Leía con avidez uno de los divertidos y vigorosos artículos que Chesterton publicara en el Daily News, mientras esperaba en la recepción de una enorme compañía que provee servicios especializados a clientes extranjeros mediante una conferencia telefónica. No hablare de lo que pienso acerca de este tipo de lugares, pues no quiero explayarme en lo que considero la abolición del hombre y la obra bien hecha, o la triste transacción que nuestra sociedad hizo al desplazar la calidad por la cantidad. Como dije, no he de criticar las políticas de los hombres de negocios ni el paralelismo de su moral con las motivaciones de conquista del romántico hombre de la luna. Esa mañana simplemente me encontraba entre las filas de aquellos desempleados que aspiraban encontrar un puesto de trabajo con flexibilidad de horarios y una remuneración más o menos justa.

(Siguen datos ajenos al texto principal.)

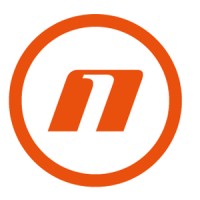 Netgolfer Logo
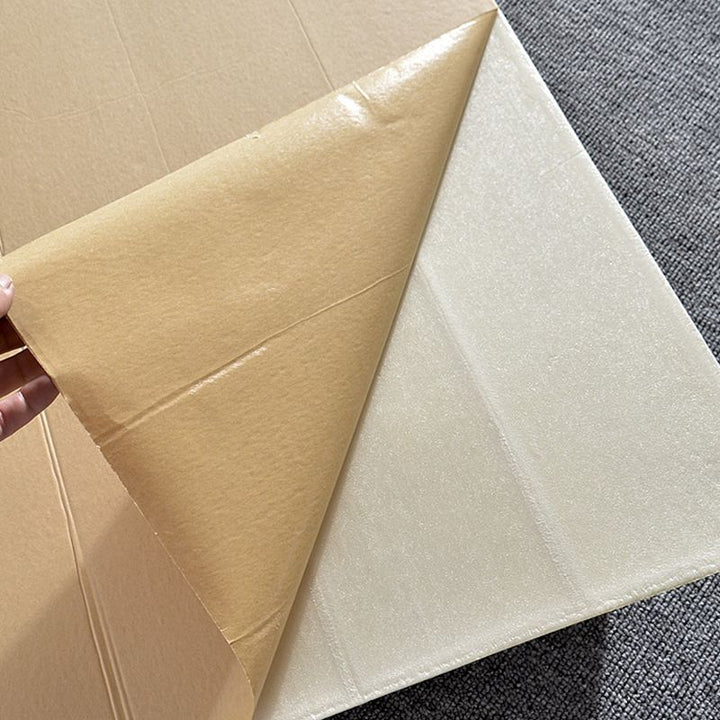 Stornfield | Contemporary Waterproof Adhesive Stretch Wall Panels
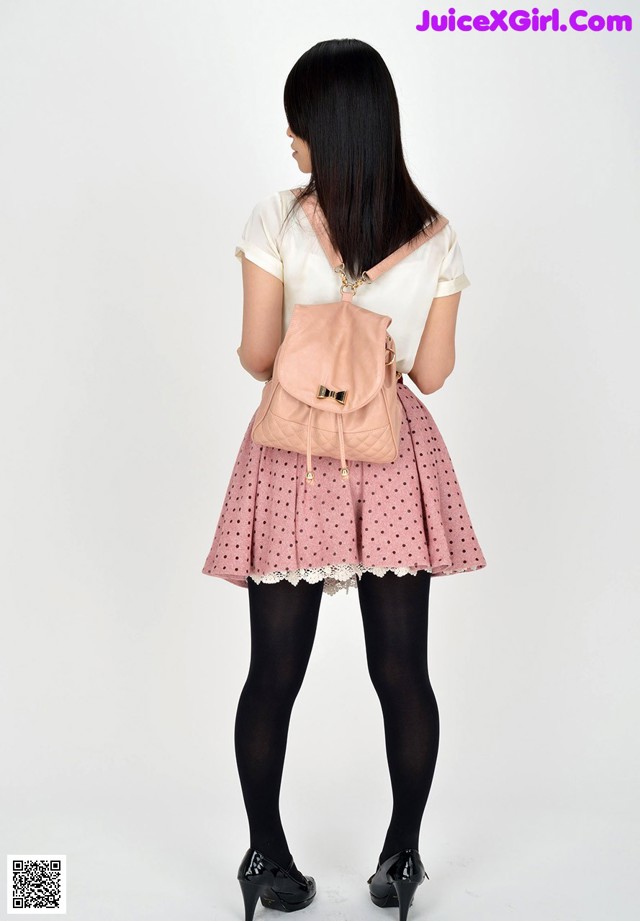 Maho Watari - Bell Snatch Xxx No.800dbc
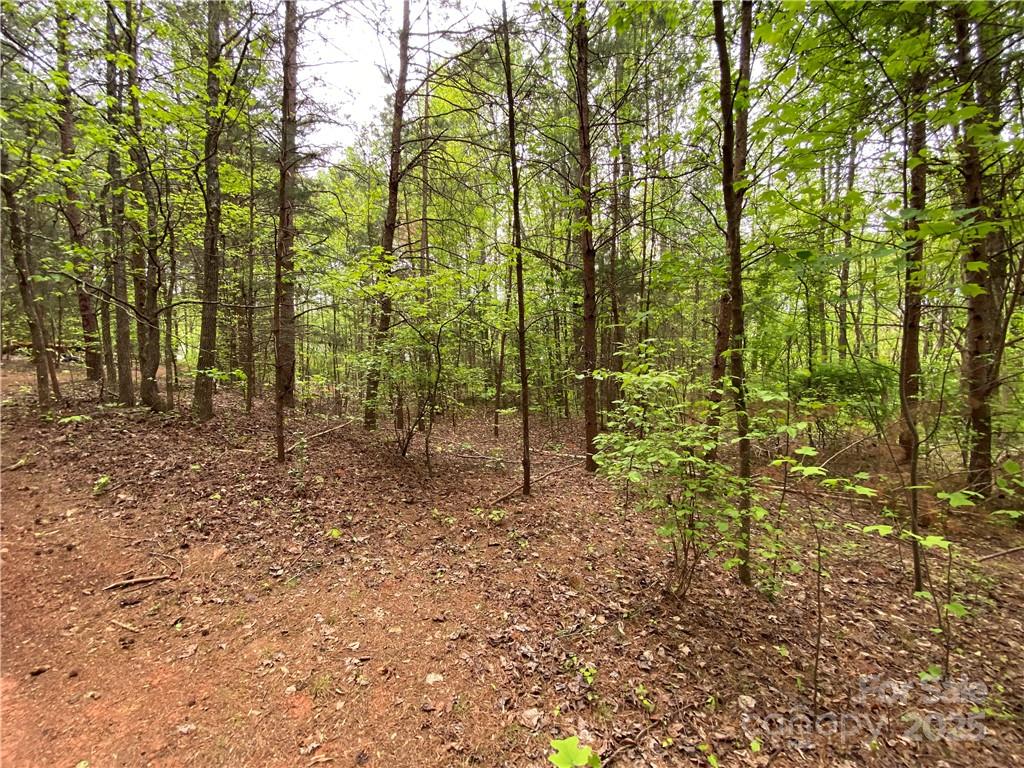 Sundance Hills - Land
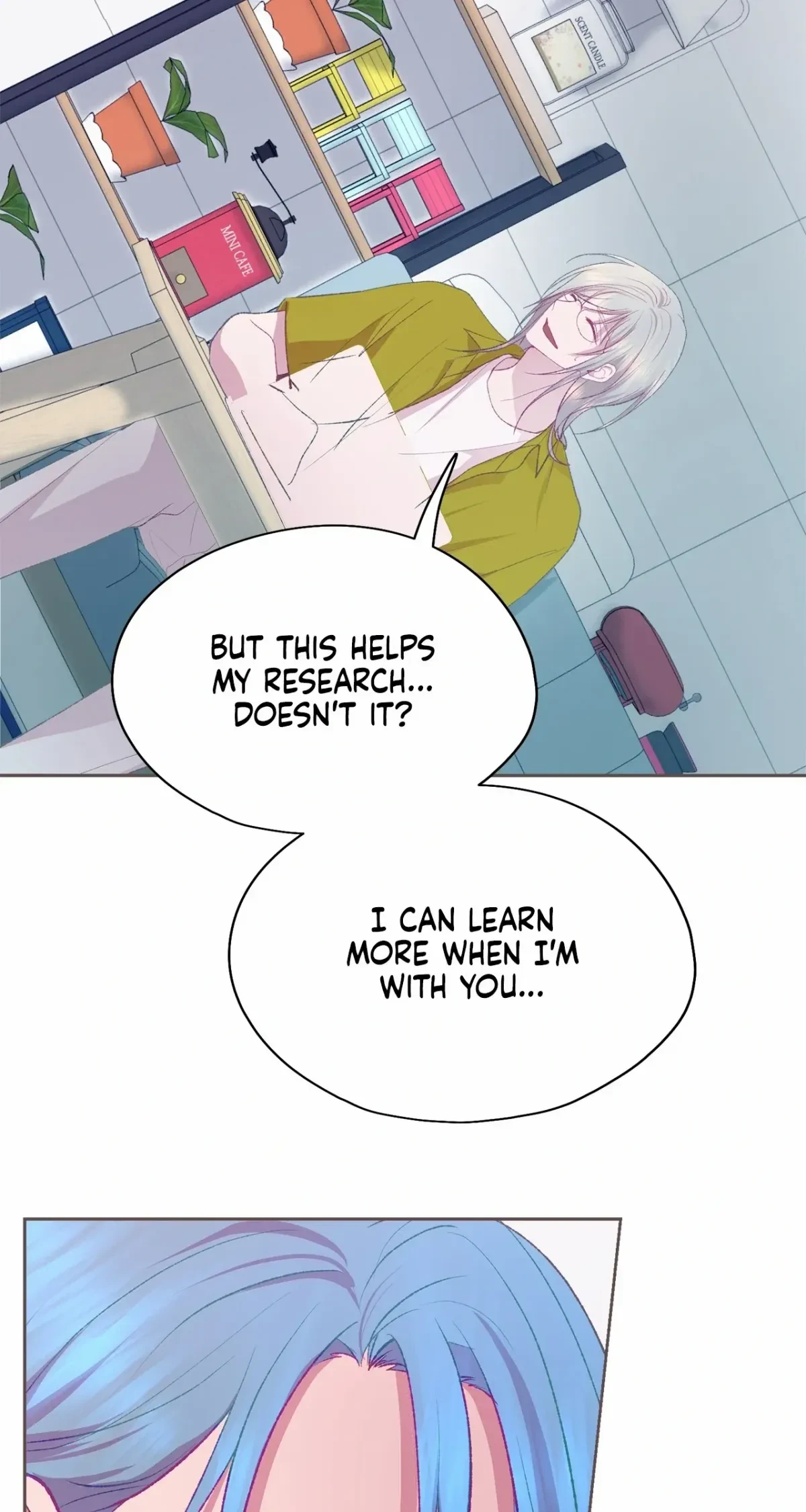 Chapter 53, page 13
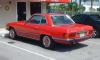 looking to find '72 350sl owners manual etc:-350sl.jpg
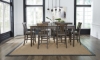 Picture of Kingston Dusty Black Counter Height Side Chair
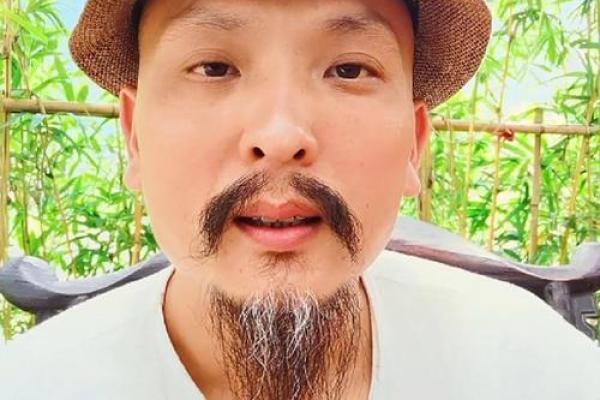 大连风水_哪些明星名人来自大连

En medio de la espera, transitaba en ‘cab’ por una calle inglesa junto a Chesterton, mientras le escuchaba hablar con su caracteristico denuedo poético y casi sobrenatural acerca del verdadero romanticismo de las cosas que el ama de su país, o de la ocasión en la que tuvo que esperar varias horas en la estación de tren (Esto lo hacia con la compasión de un amigo, quizá al verme en impaciente espera) con la sola compañía de unas tabletas de chocolate que había sacado de una maquina y uno de esos libracos modernos de dos peniques que hablan del progreso, y al oírle esa mañana me sentí asaz afortunado al tener su compañía. El sonido de su conversación y el murmullo de la campiña inglesa se confundía con el ruido de los tacones de mujeres de negocios de paso firme, o con los murmullos de obesos hombres de traje que entraban pegados a su celular repartiendo deferencia a diestra y siniestra. Observé pronto la existencia de un pequeño vigilante (¿O seria un duende?) que les miraba pasar. Tenía en sus ojos la inocencia de un niño y en sus acciones la actitud de un gatito que desea congraciarse con su amo. Pero los hombres y mujeres de aquella fría oficina, como ciegos ante la magia del vigilante-leprocón, le ignoraban. Chesterton continuaba relatando los hechos de esa tarde en la que tuvo que esperar su tren y del extraño suceso de encontrarse con ese libro, que llevaba por titulo: ‘Avanza o vete’, libro que disertaba acerca del éxito personal y de la imperativa de estar en movimiento como norma de progreso.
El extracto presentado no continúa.